Maka tulisnya lagi, "Aku meminta kepada teman-temanku untuk keluar memberi nasihat di kedai-kedai kopi,"
Mereka berasa ganjil dan heran serta berkata: ‘Orang-orang yang berada di kedai kedai kopi itu tidak akan membenarkan kita melakukannya,"
"Dan malah akan menentang sebab mengganggu kesenangan mereka..." seru kawan-kawannya.
"Seperti diketahui, " Kata Imam Al-Banna, "Mereka ini adalah kerumunan pemuda yang suka berfoya-foya,"
"Tentulah sukar bagi mereka untuk menerima nasihat kita. Bagaimana kita hendak memberi nasihat mengenai agama dan akhlak bagi kaum yang tidak memikirkan selain kesenangan saja?" Pikir Al-Banna, tetapi kemudian ditepisnya:
"Tetapi Aku berpendapat sebaliknya. Aku percaya mereka itu merupakan satu golongan yang sanggup dan bersedia untuk mendengar sebarang nasihat daripada golongan yang lain!"

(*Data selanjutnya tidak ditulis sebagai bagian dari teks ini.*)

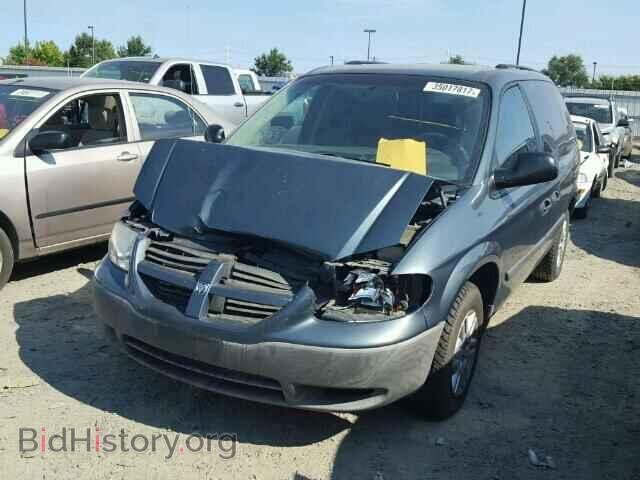 2007 DODGE CARAVAN - VIN: 1D4GP25R67B239129 - Фото 2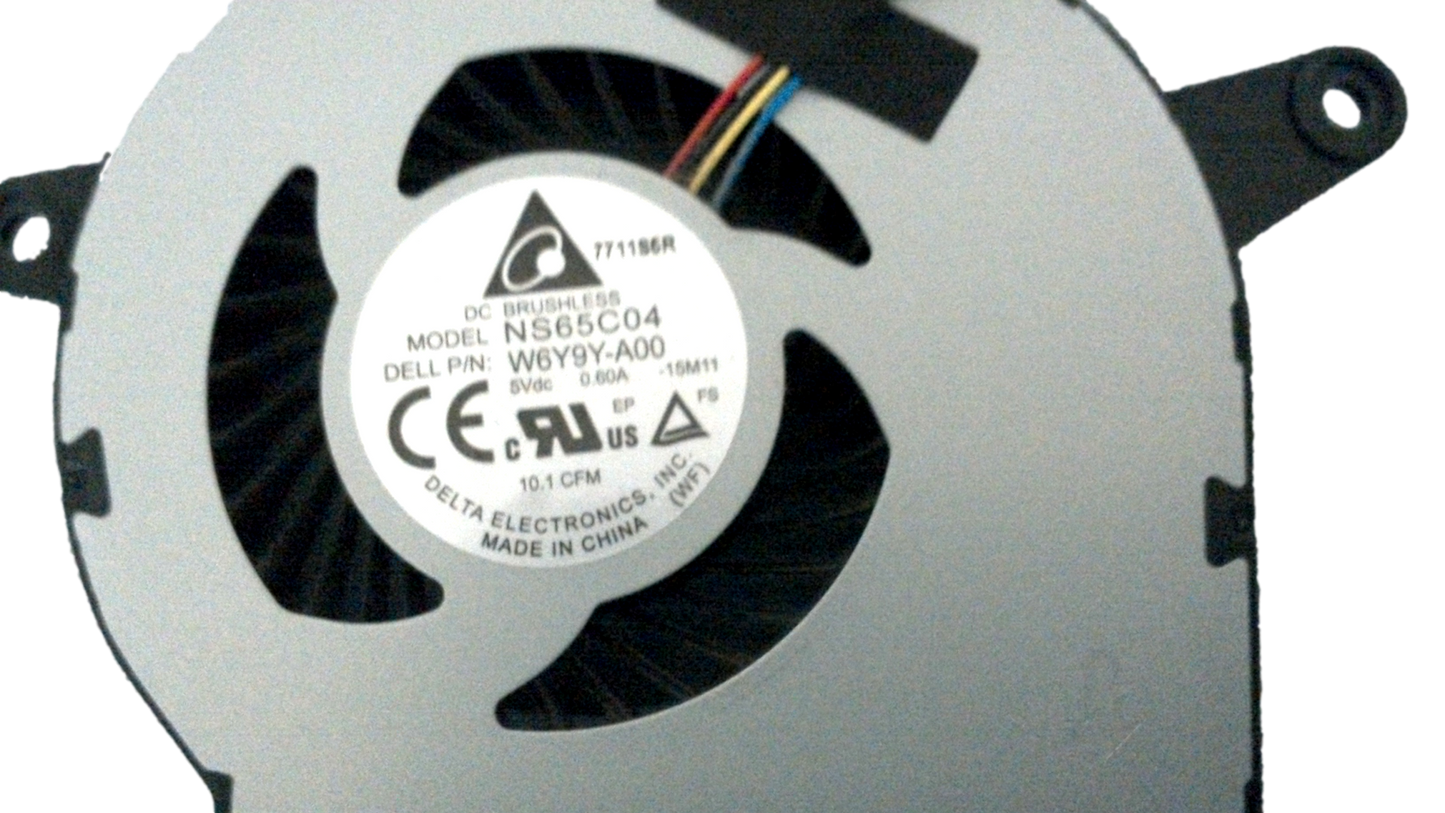 Dell OptiPlex 3050 CPU Desktop Cooling Fan W6Y9Y 0W6Y9Y CN-0W6Y9Y
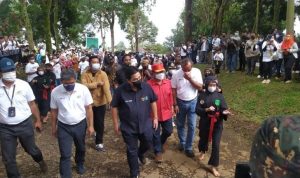 Kunjungi Kebun Teh Gedeh Cianjur, Menteri BUMN Erick Thohir Bilang Begini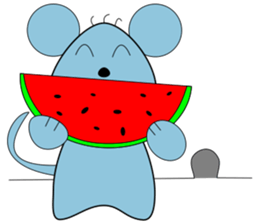 Baby Rat sticker #10098819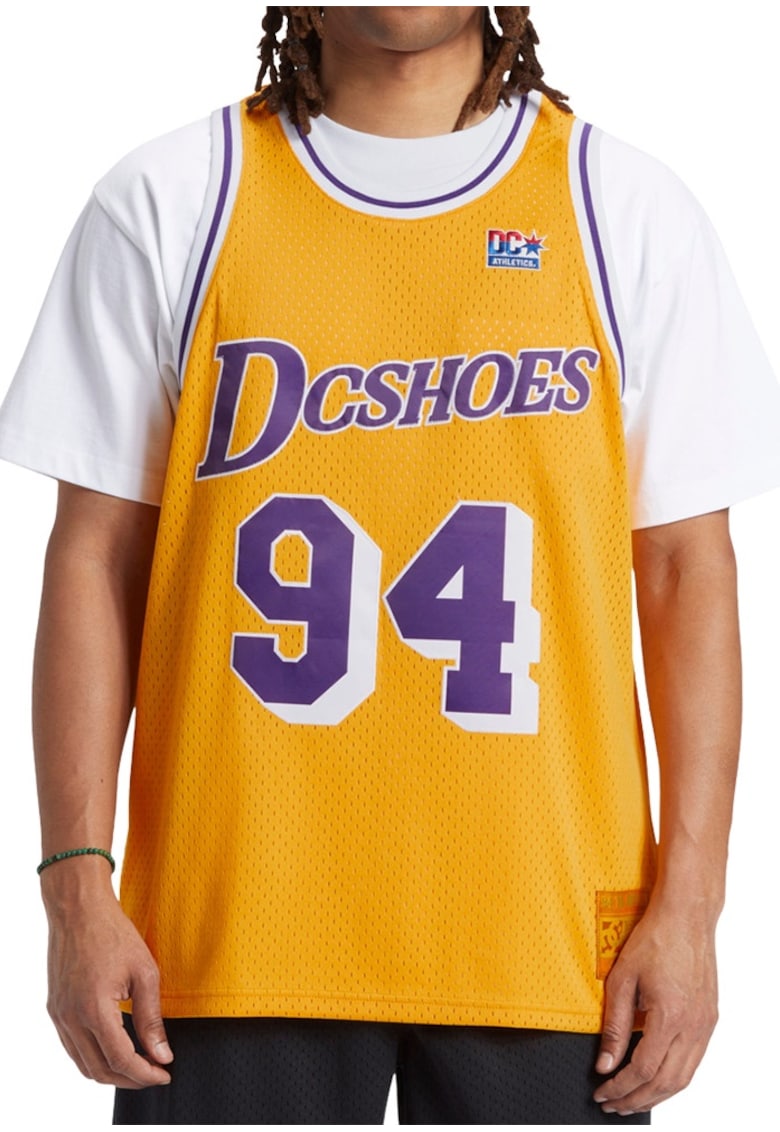 Maiou Showtime - poliester - guler rotund - galben -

"bahkan lebih daripada golongan-golongan yang ada di masjid sendiri, karena bagi mereka, ini adalah satu perkara yang baru. Kita harus bijak memilih tajuk-tajuk yang sesuai,"
"dan janganlah katakan sesuatu yang akan melukai mereka!"
Kemudian, pada musim-musim perang yang berkepanjangan dan kejumudan bangsa mesir itu, Imam Al-Banna bergerak dan keluar. Ia betul-betul, secara harfiyah, memberi ceramah di kedai kopi!
Ia melakukan ini dalam usia yang muda. Ia, bahkan masih mahasiswa di Al-Azhar.
Maka ia menulis, "Kami mengawalinya dengan kedai kopi yang terletak di Medan Solahuddin. Pertama di kedai kopi As-Sayyidah ‘Aisyah dan dari situ ke kedai-kedai kopi yang berselerak di kawasan Toulon,"
"Seterusnya dari Thariq al-Jabal ke Syare’i Salamah. Tidak ketinggalan juga kedai kopi As-Saiyyidah Zainab," katanya.
Dan begitulah, kenikmatan dakwah merasuk dalam darahnya: "Aku merasakan pada malam itu saja lebih 20 khutbah telah kusampaikan kepada mereka. Setiap satu khutbah mengambil waktu di antara 5 hingga 10 menit."
"Mereka yang ada di sana merasa heran dan berdiam diri untuk menumpukan perhatian untuk mendengar," kenang Al-Banna.
"Pada mulanya mereka merasa sesuatu yang ganjil. Lama-kelamaan mereka meminta untuk menambahkan lagi percakapan itu..."
"Kami tidak minum atau meminta sesuatu pun," katanya. Kami hanya memohon sedikit waktu untuk mengingatkan mereka kepada Allah..." dan kita akhirnya melihat, bahwa Mesir kini akhirnya berubah.
"Tidak mengherankan sesungguhnya Allah tidak mengutus nabi atau rasul kecuali untuk menyampaikan yang pertama, ialah ‘Katakanlah aku tidak menghendaki upah’...." kenangnya lagi.
Dan kemudian, lama-kelamaan, gerakan ini membesar, dari kedai kopi ke kedai kopi yang lain: semangat untuk membersihkan pemuda-pemuda dari akhlak yang buruk.
Semangat untuk memperbaiki bangsanya yang rusak dan dijajah Inggris: Ikhwanul Muslimin.